Jane and Bob Murphy made a special trip to the World Trade Center site today before catching a flight home to Boston, a day after al-Qaeda leader Osama bin Laden was killed by U.S. forces in Pakistan.
“We’ve been looking for him for so long, and the personal sacrifice has been tremendous in response to his actions,” Jane Murphy, a retired librarian who was in New York with her husband to visit their daughter, said in an interview. “We’re here for the same reasons we visited after 2001 -- to show love and unity, and to peacefully take a moment to reflect.”

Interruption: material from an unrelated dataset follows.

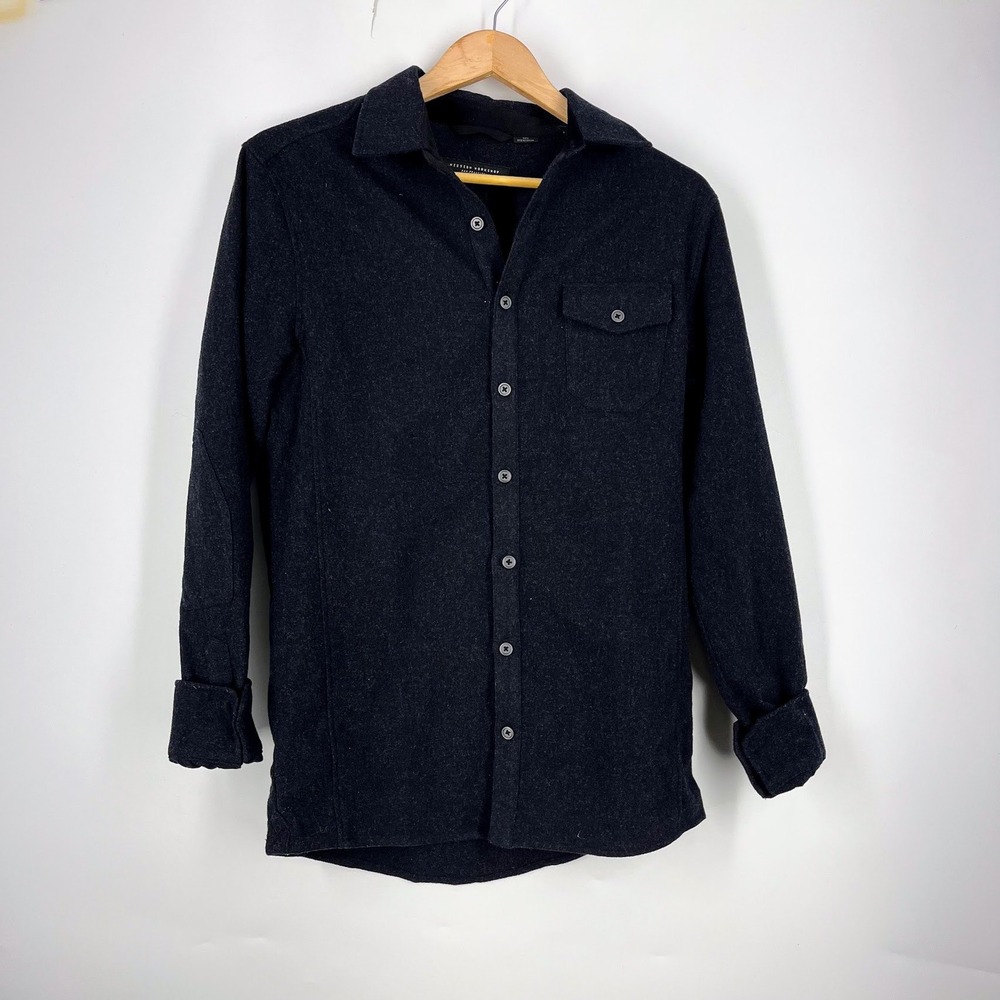 Mission Workshop Men's Wool Blend Button Down Shirt Charcoal Gray Mens Size S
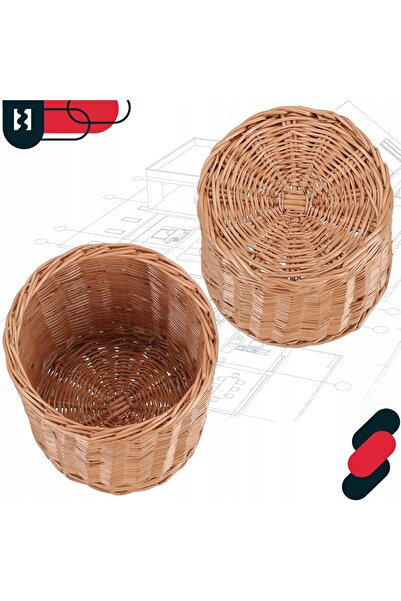 NO BRAND Ghiveci cu husă din răchită naturală, coș împletit pentru flori/plan...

The Murphys, both 59, joined crowds near the 16-acre site where the Twin Towers fell almost 10 years ago after bin Laden orchestrated the Sept. 11 killings. The worst terrorist attack on U.S. soil killed almost 3,000 people at the World Trade Center, the Pentagon in suburban Washington and a field in Pennsylvania where hijacked United Airlines Flight 93 crashed.

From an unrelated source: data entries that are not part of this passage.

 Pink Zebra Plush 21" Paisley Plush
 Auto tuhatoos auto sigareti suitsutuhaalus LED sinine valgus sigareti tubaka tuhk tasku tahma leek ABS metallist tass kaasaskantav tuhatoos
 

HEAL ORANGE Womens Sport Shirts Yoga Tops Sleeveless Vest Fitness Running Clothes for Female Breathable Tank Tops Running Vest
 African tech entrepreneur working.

Sally Regenhard, who lost her son Christian, 28, a probationary rookie firefighter, in the attack, said she watched the crowd gather at Ground Zero with “a profound mixture of emotions.”
“I’m very gratified that after 10 years something that was promised to us immediately after 9/11 has come to pass,” she said. “And I’m so appreciative of those who came out to express what I experience as support for us who lost loved ones in the attack. On the other hand, I still grieve for my son.”
Fresh Bouquets
Police blocked off one block near the site for foot traffic and media trucks. Passersby snapped photos of a woman selling American flags. Fresh bouquets of roses and daisies flanked a fence separating the street from the construction site.

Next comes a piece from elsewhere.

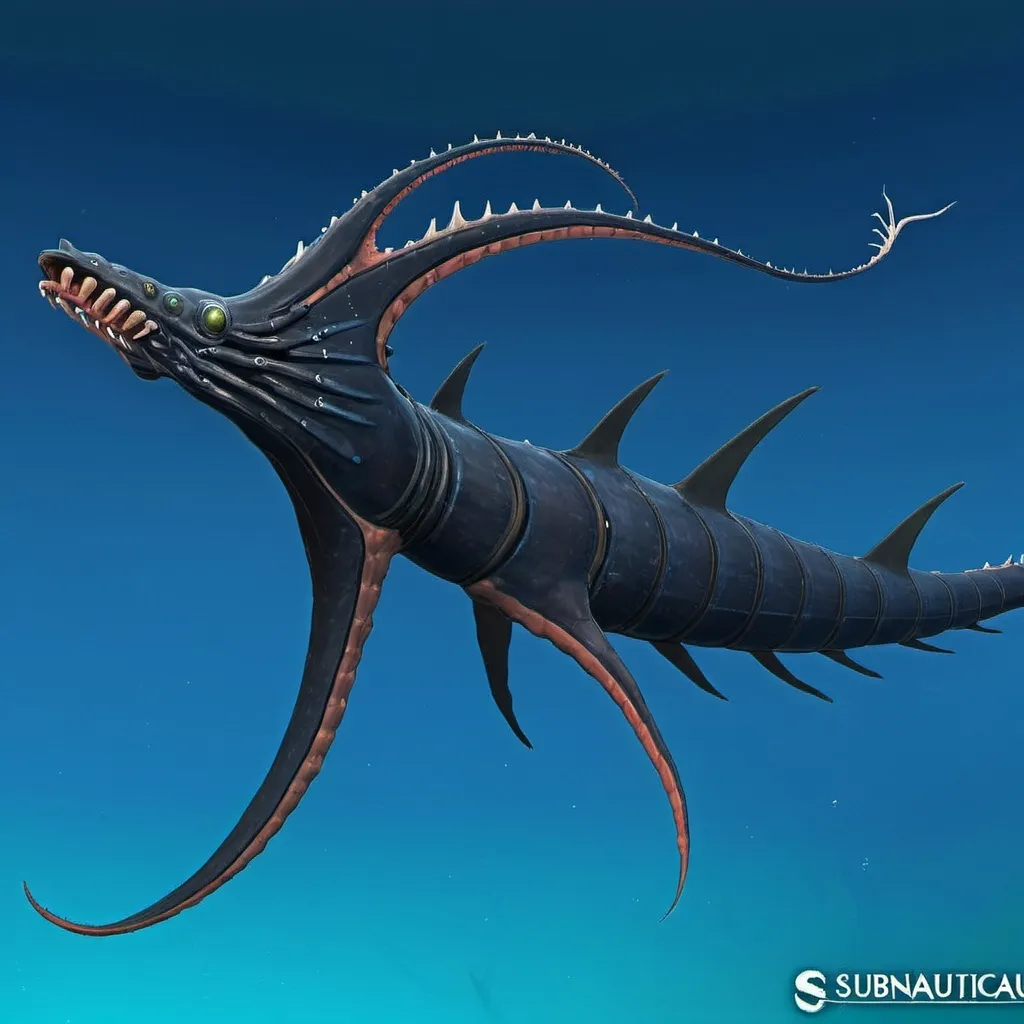 Prompt: Subnautica leviathan creature concept, really huge, lives in the void biome, has front claws and long spiked tell, sea dragon like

“In the dark days that followed Sept. 11, we made a solemn commitment -- to the dead and the living -- that we would bring to justice those responsible for killing more than 2,900 innocent people,” Mayor Michael Bloomberg said at a press conference at the site. “Yesterday, Osama bin Laden found out that America keeps its commitments.”
The mayor is founder and majority owner of Bloomberg News parent Bloomberg LP.
Rising From Ground
Towering above the onlookers was the frame of what will be the 1,776-foot One World Trade Center, the $3.1 billion project’s signature building. Workers have placed steel supports to 64 stories, said Steven Coleman, spokesman for the Port Authority of New York and New Jersey, which owns the site and has supervised construction. Work remains on schedule toward a 2014 completion, he said.
A $3.4 billion transportation hub connecting city subways with a Port Authority rail transit link under the Hudson River to New Jersey is on schedule for completion in 2014, Coleman said.
A memorial plaza and tree arbor, scheduled to open Sept. 11 for the 10th anniversary of the attack, features almost- completed reflecting pools and more than 150 trees. The National September 11 Memorial & Museum, to be completed in 2012, will reflect the raid in Pakistan yesterday, said Joe Daniels, its president and chief executive officer.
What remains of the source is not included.